FIG. 96 illustrates a resource that is modified in comparison to FIG. 89. Address comparator 97 and address setting device 98 act in the way described in connection with FIG. 89. They are used for decoding the real (physical) resource address. In addition, an address comparator 97a and an address register 98a for the address of the respectively correlated virtual resource is provided (logical address). The logical resource address is supplied by means of additional bus lines. Upstream of the address selector 99 an address selector 99a is arranged. Both address comparators 97, 97a are concatenated in disjunction to the address decoder 99. Moreover, the output signal of the address comparator 97a is connected to the hit line ADRS HIT. There are two ways of accessing:

A. Physical access via address decoder 97. The address is fixed (it is either unchangeable or it is set after power-on in the context of configuration sequences). The address length is not very large (for example, 6 bits when a total of 64 resources are provided). The address selector 99a sends the physical parameter address to the address decoder 99.
B. Logical access with a virtual resource address by address decoder 97a. Such address information can be long (for example, 32 to 64 bits). The address selector 99a sends the logical parameter address to the address decoder 99. The respective logical address must be loaded prior to this, by means of physical accesses, into the address register 98a. For this purpose, the address register 98a is connected like an additional operand register to the parameter bus and to the address decoder 99 (load control signal LOAD LOG. ADRS). When upon access with a certain logical address the address comparator 97a becomes active, it excites the hit line ADRS HIT, and the arrangement acts as the corresponding virtual resource. When upon accessing with a virtual resource address ADRS HIT remains inactive, one of the hardware resources must be assigned to the respective virtual resource. This procedure for selecting a suitable hardware resource as well as for swapping operands and results is known in the art (compare conventional cache memories and virtual memories).

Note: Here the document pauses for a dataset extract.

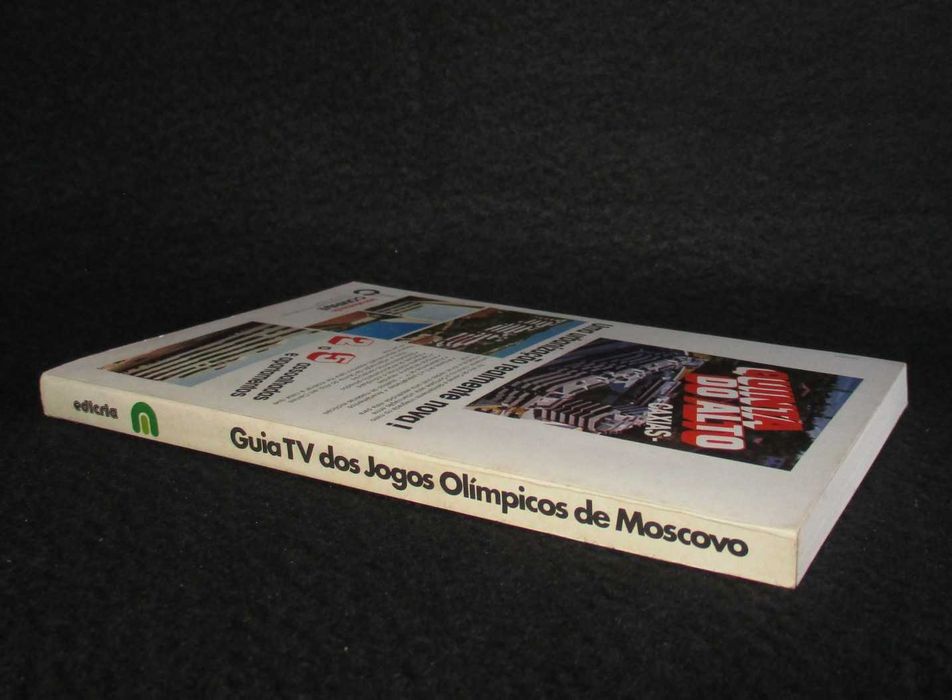 Livro Guia TV dos Jogos Olímpicos de Moscovo 1980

The respective access mode can be selected, for example, by means of different instruction or operator formats. In the extreme, all operators are provided twice (logical and physical). In an alternative configuration the access mode can be made dependent on the working state. Systems with several states are known in the art. Typical are at least two states: user mode and supervisor mode. In the user mode logical access is carried out; in the supervisor mode physical access is carried out.

In the following, with the aid of FIGS. 97 to 101 questions of the so-called instrumentation will be considered. In information technology, instrumentation means to provide systems with additional provisions for system management, for efficiency measurement, for debugging etc. In order to be able to provide such functions in systems according to the invention, there are the following possibilities:

- The resources are expanded with additional devices (FIGS. 97 to 99);
- Special resources for this purpose are provided (FIG. 100);
- Corresponding arrangements are generated ad hoc by connecting appropriate resources (FIG. 101).

FIG. 97 shows with the aid of an example how a simple parameter (for example, a binary number) can be supplemented by additional information: 100—initial value for purpose of initialization: 101,102—bounds of the value range; 103—the current value; 104—compare value; 105—control and address information for triggering program exceptions and for behavior upon compare match (current value=compare value); 106—usage counter; 107—various state bits (inter alia for controlling concatenation); 108, 109—concatenation pointers (compare FIG. 56). Each item of information 100 to 109 corresponds to a register or a memory position (in the resource emulation area).

The run time systems of many programming languages support only the current value 103. The values 100 to 102 support the implementation of appropriate programming languages (example: Ada). The compare value 104 is provided for debugging purposes. Example: stopping of program operation (in order to examine and display program states, current values of variables etc.) when the parameter is of a certain actual value. The usage counter 106 can be used, for example, in order to determine how many times the parameter has been used in processing operations or how much time has passed between two new computations.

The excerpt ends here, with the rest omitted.